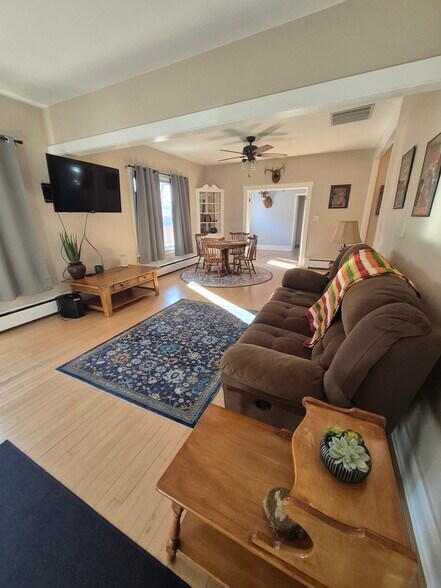 Building Photo - 211 S 6th Ave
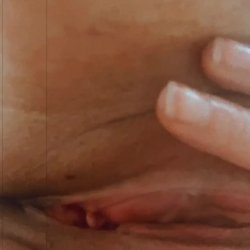 Spread lips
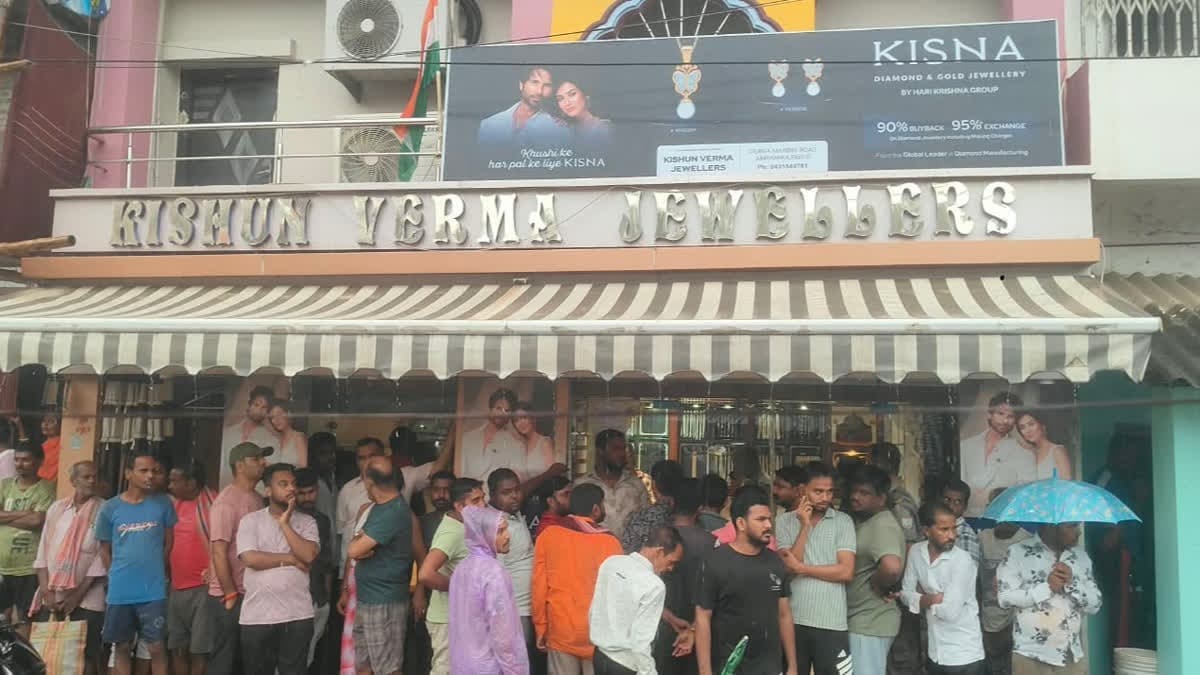 अमड़ापाड़ा में दिनदहाड़े ज्वेलरी दुकान में लूट, तीन नकाबपोश बदमाशों ने की फायरिंग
+---+
> **PROBLEM**
Give the data above back unchanged, except for the pictures.

> **ANSWER TO THE EXERCISE**
 Building Photo - 211 S 6th Ave
 Spread lips
 अमड़ापाड़ा में दिनदहाड़े ज्वेलरी दुकान में लूट, तीन नकाबपोश बदमाशों ने की फायरिंग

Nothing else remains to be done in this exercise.